Input below:

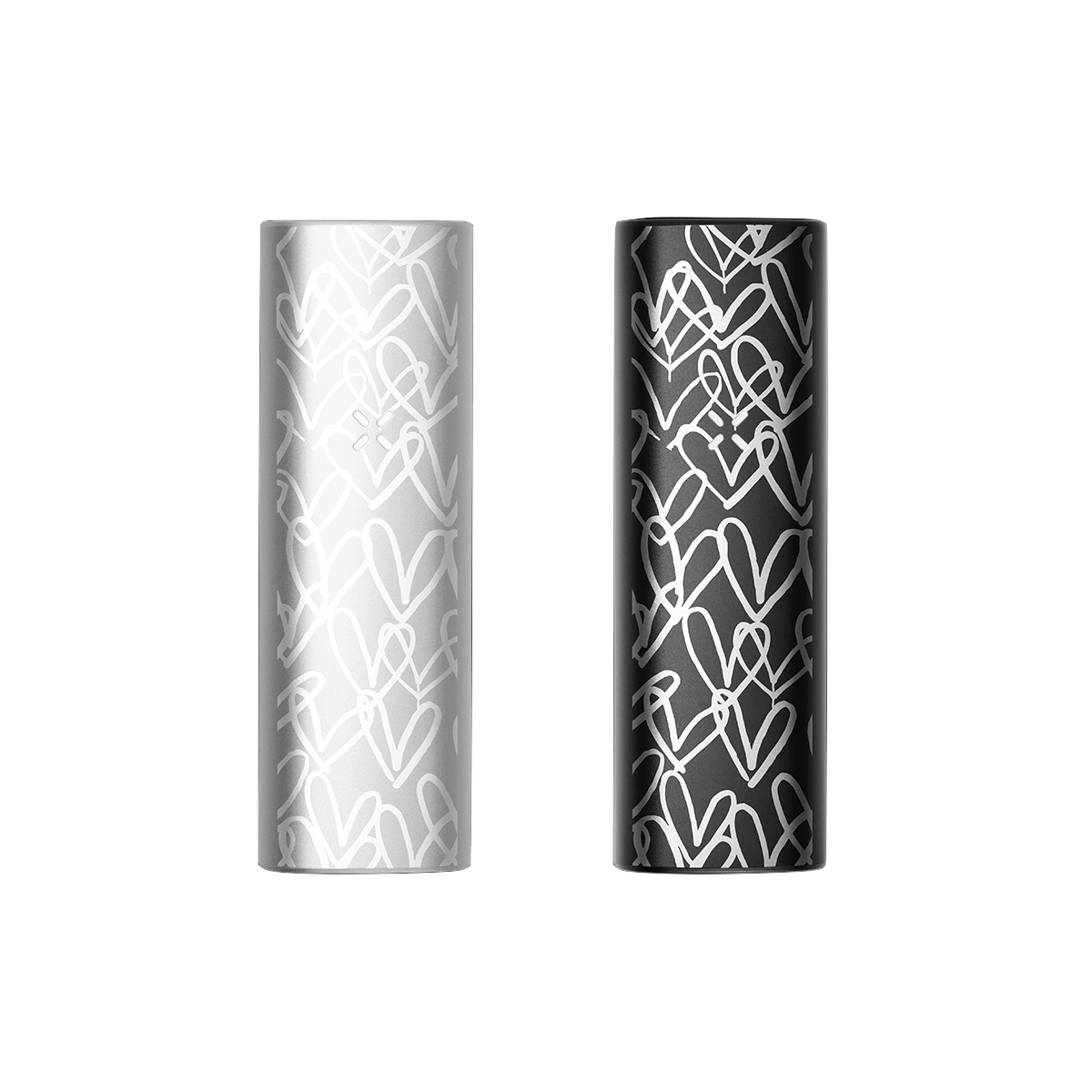 Zwei PAX MINI Vaporizer mit James Goldcrown Design in Onyx Schwarz und Weiß, verziert mit künstlerischen Herzmotiven.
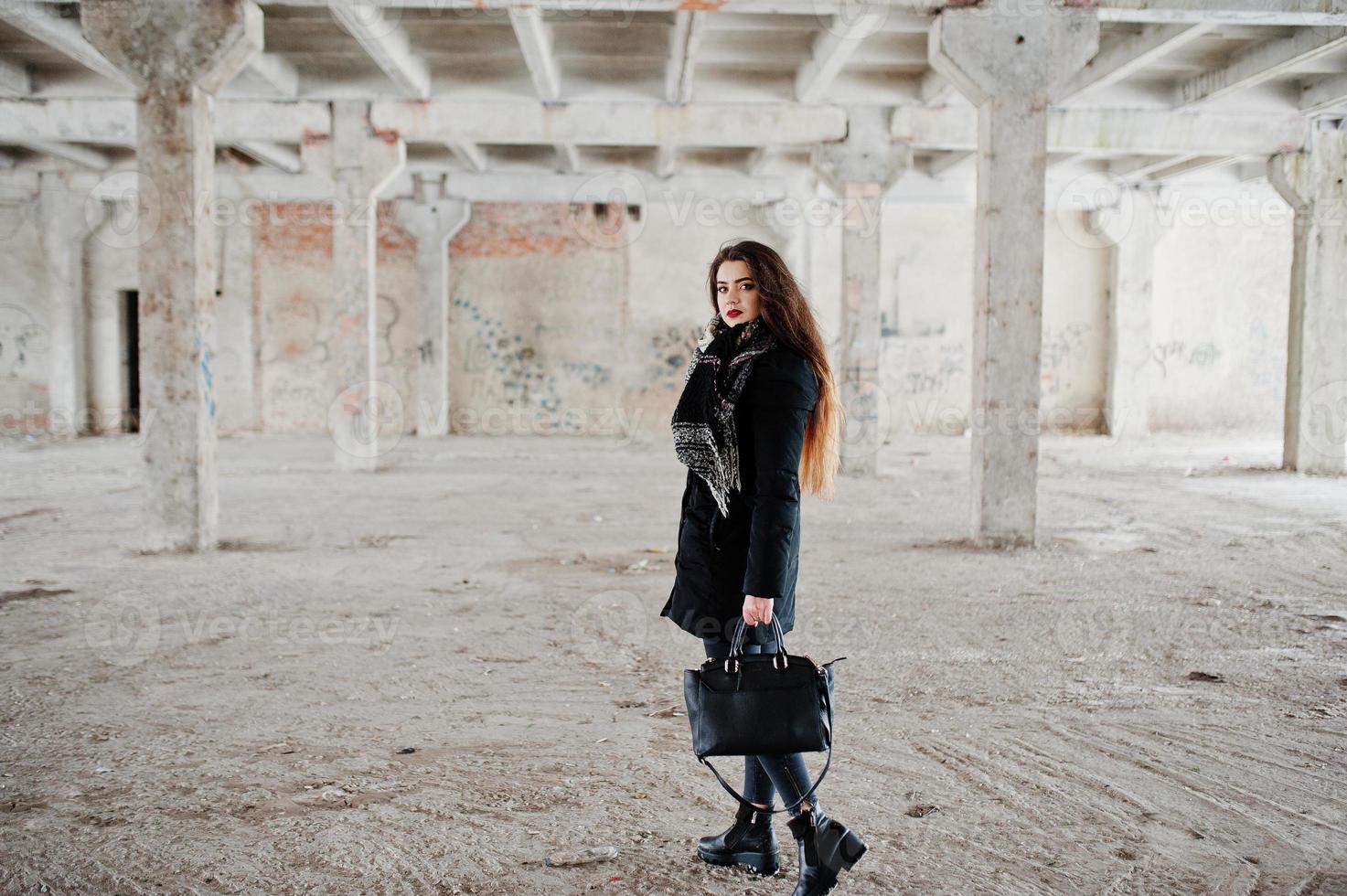 bruna ragazza casual elegante in sciarpa e borsetta contro il luogo di fabbrica abbandonato. foto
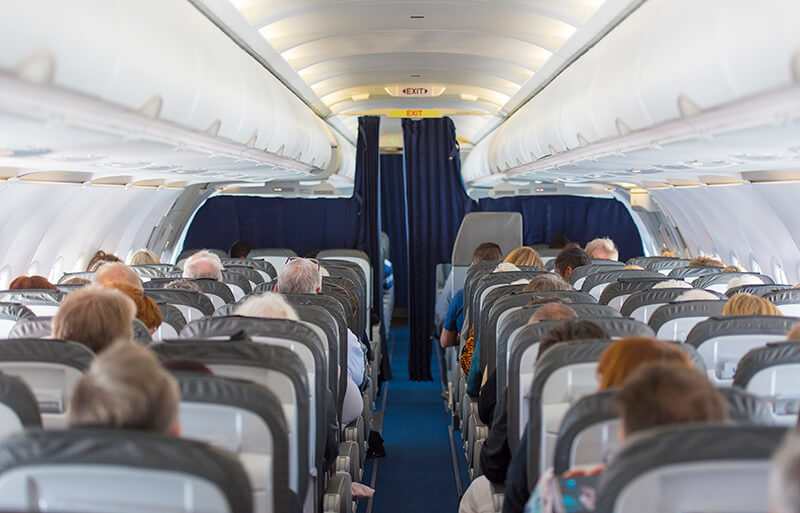 Airplane cabin with passengers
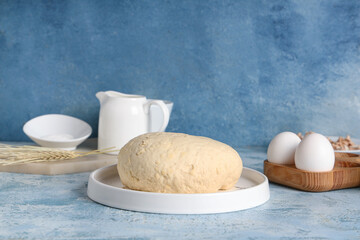 Plate with fresh raw dough, wheat and wooden holder of eggs on blue background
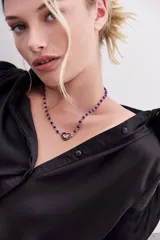 Collar con cadena de piedras facetadas color azul y dije central en forma de corazón con detalle floral.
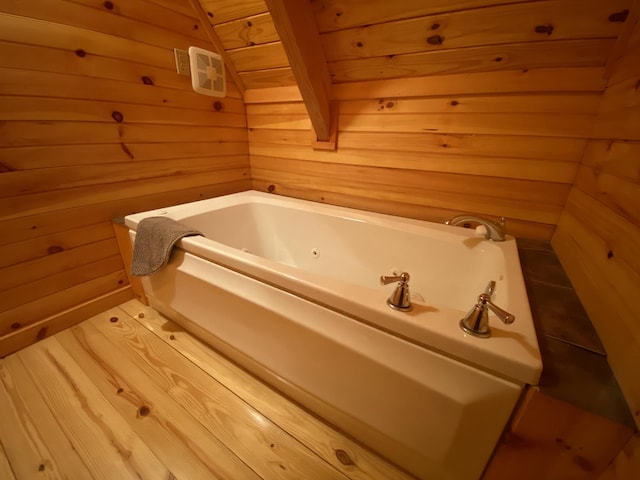431 Harold Luke Rd, Campton, KY 41301 - bathroom with wooden walls and a tub with jets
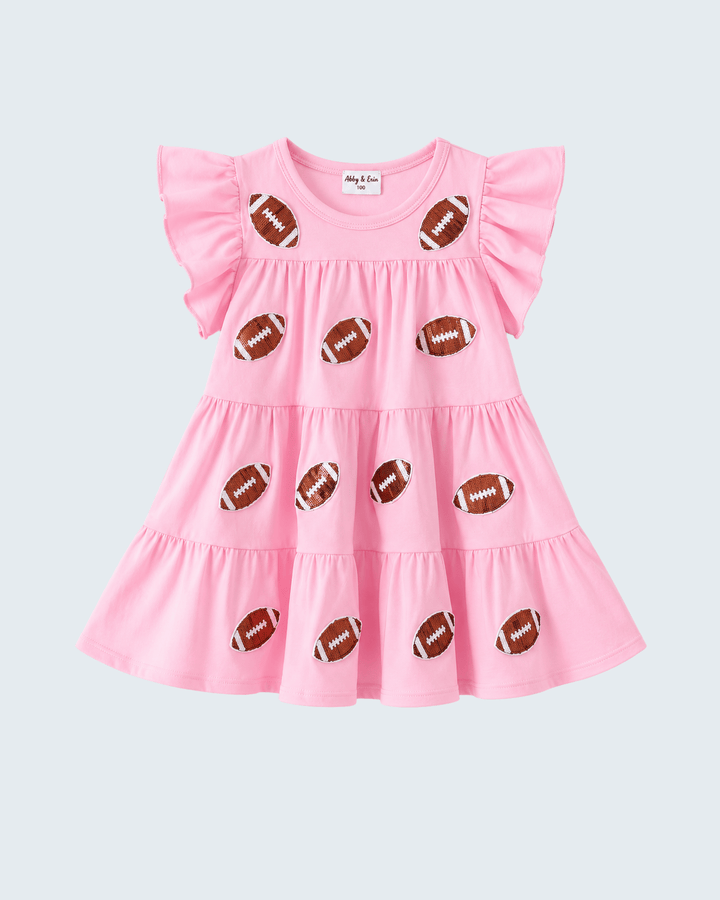 Pink tiered ruffle dress featuring scattered football sequin patches and flutter sleeves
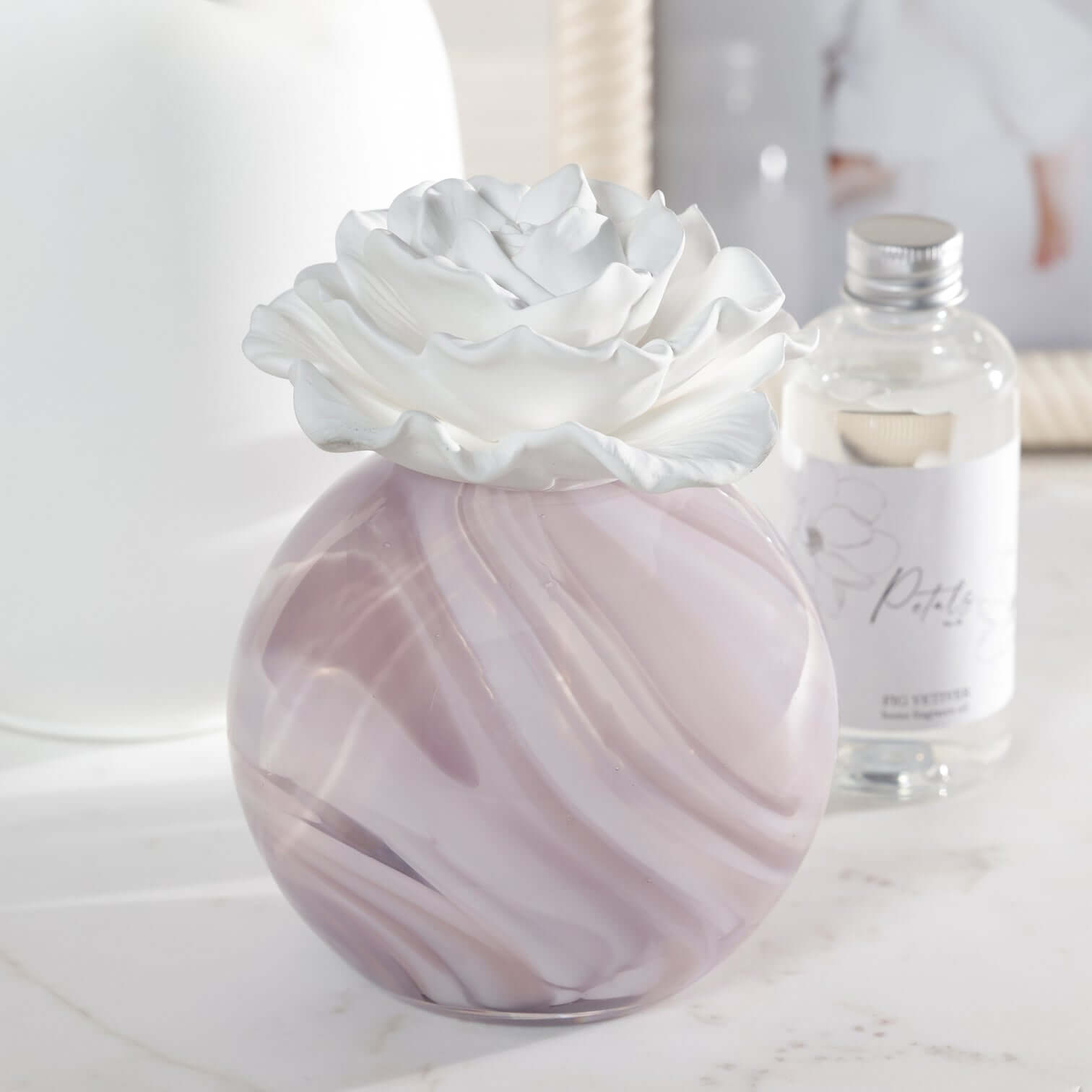 Petals Porcelain Diffuser - Large with a marbled glass vessel and porcelain flower, perfect for elegant home decor.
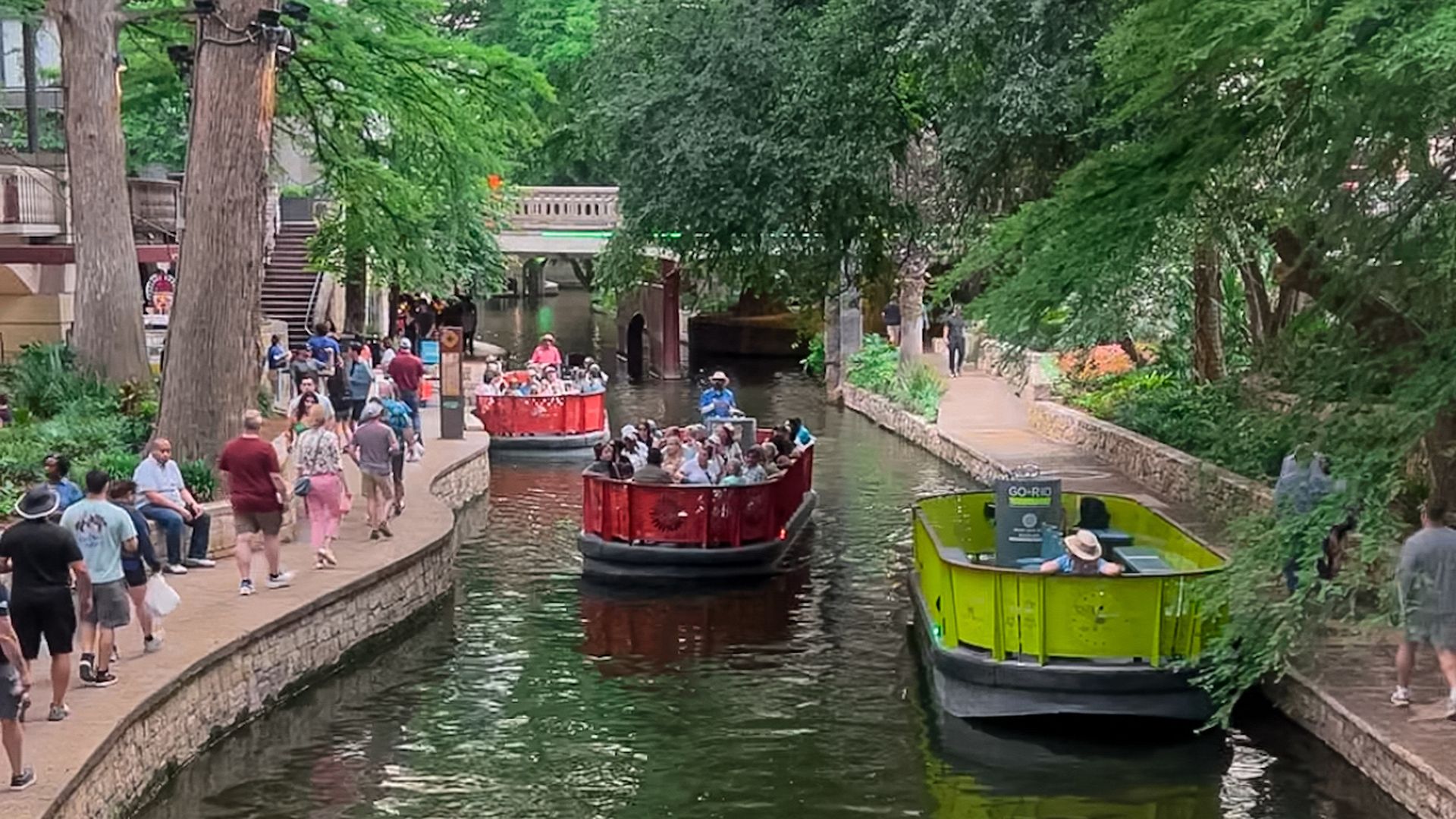 People stroll along the San Antonio River Walk as colorful Go Rio barge tours glide through the water, surrounded by lush trees and historic architecture.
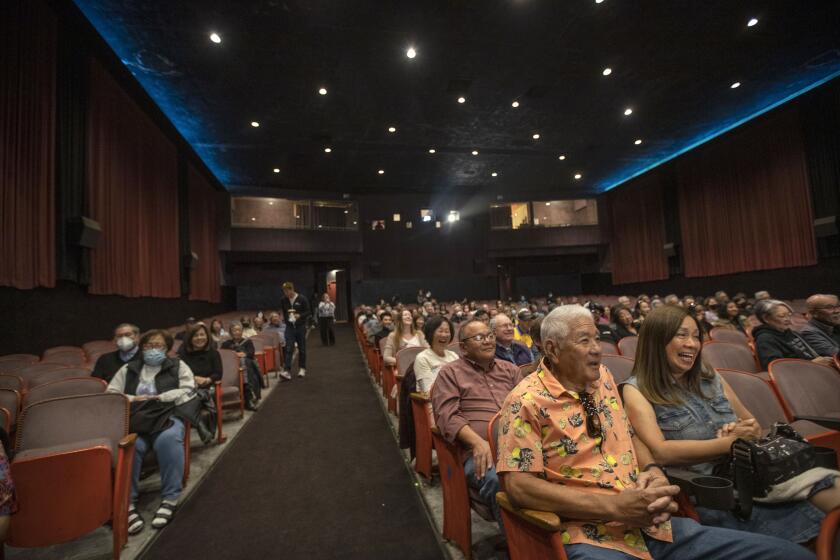 GARDENA, CA-MAY 10, 2023: People sit inside the 800 seat Gardena Cinema before a screening of the movie, "No NO Girl," part of the Los Angeles Asian Pacific Film Festival. The community is rallying around the theater as its owner ponders its future. (Mel Melcon / Los Angeles Times)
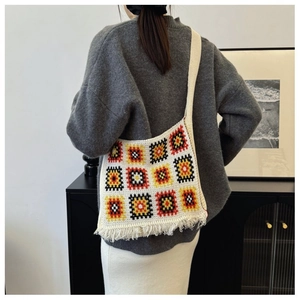 Detail of a handmade granny square knit tote bag featuring colorful patterns and fringe tassels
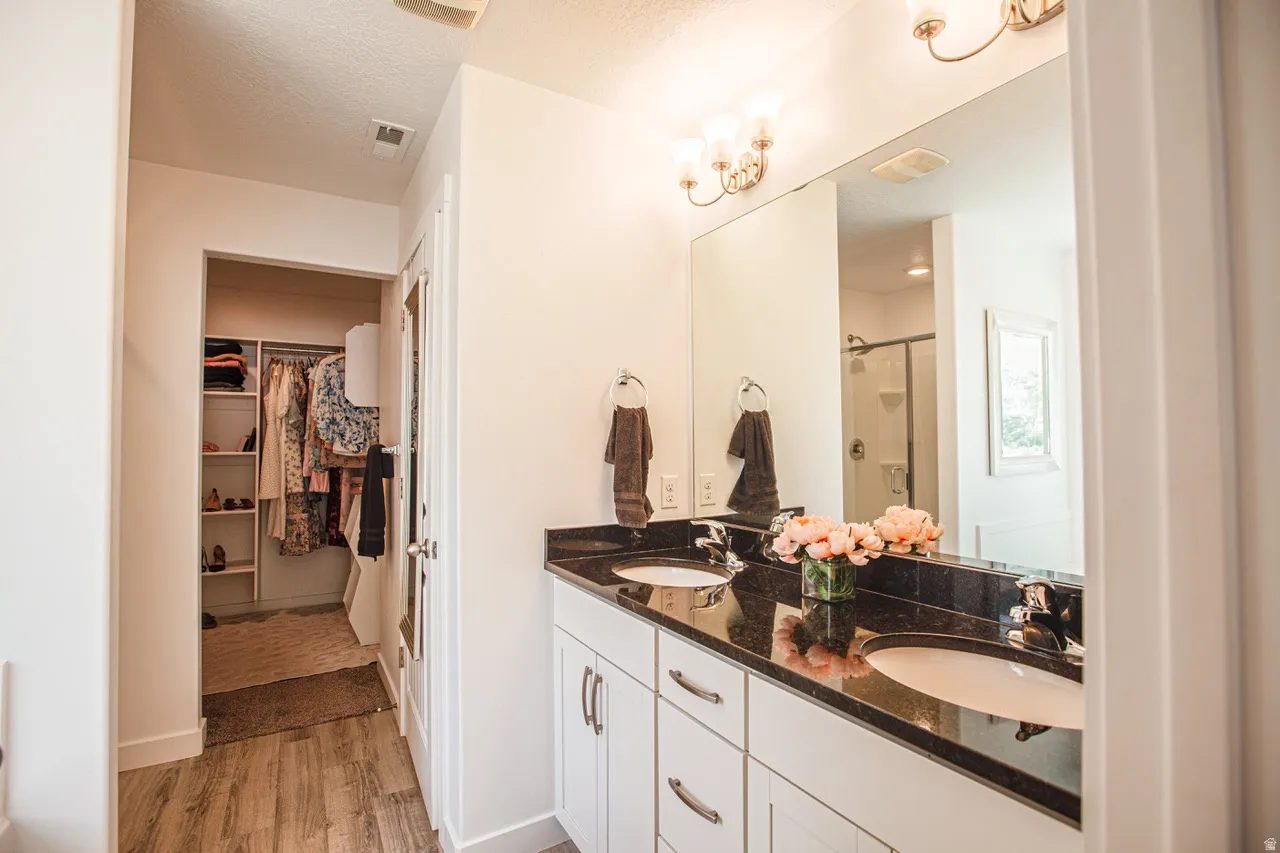 Bathroom vanity featuring a dual sink, dark countertop, and white cabinetry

End of Input.

## Instructions for the task
The reply must consist of the records, repeated exactly, minus any images.

## Answer for this exercise
 Zwei PAX MINI Vaporizer mit James Goldcrown Design in Onyx Schwarz und Weiß, verziert mit künstlerischen Herzmotiven.
 bruna ragazza casual elegante in sciarpa e borsetta contro il luogo di fabbrica abbandonato. foto
 Airplane cabin with passengers
 Plate with fresh raw dough, wheat and wooden holder of eggs on blue background
 Collar con cadena de piedras facetadas color azul y dije central en forma de corazón con detalle floral.
431 Harold Luke Rd, Campton, KY 41301 - bathroom with wooden walls and a tub with jets
 Pink tiered ruffle dress featuring scattered football sequin patches and flutter sleeves
 Petals Porcelain Diffuser - Large with a marbled glass vessel and porcelain flower, perfect for elegant home decor.
 People stroll along the San Antonio River Walk as colorful Go Rio barge tours glide through the water, surrounded by lush trees and historic architecture.
 GARDENA, CA-MAY 10, 2023: People sit inside the 800 seat Gardena Cinema before a screening of the movie, "No NO Girl," part of the Los Angeles Asian Pacific Film Festival. The community is rallying around the theater as its owner ponders its future. (Mel Melcon / Los Angeles Times)
 Detail of a handmade granny square knit tote bag featuring colorful patterns and fringe tassels
 Bathroom vanity featuring a dual sink, dark countertop, and white cabinetry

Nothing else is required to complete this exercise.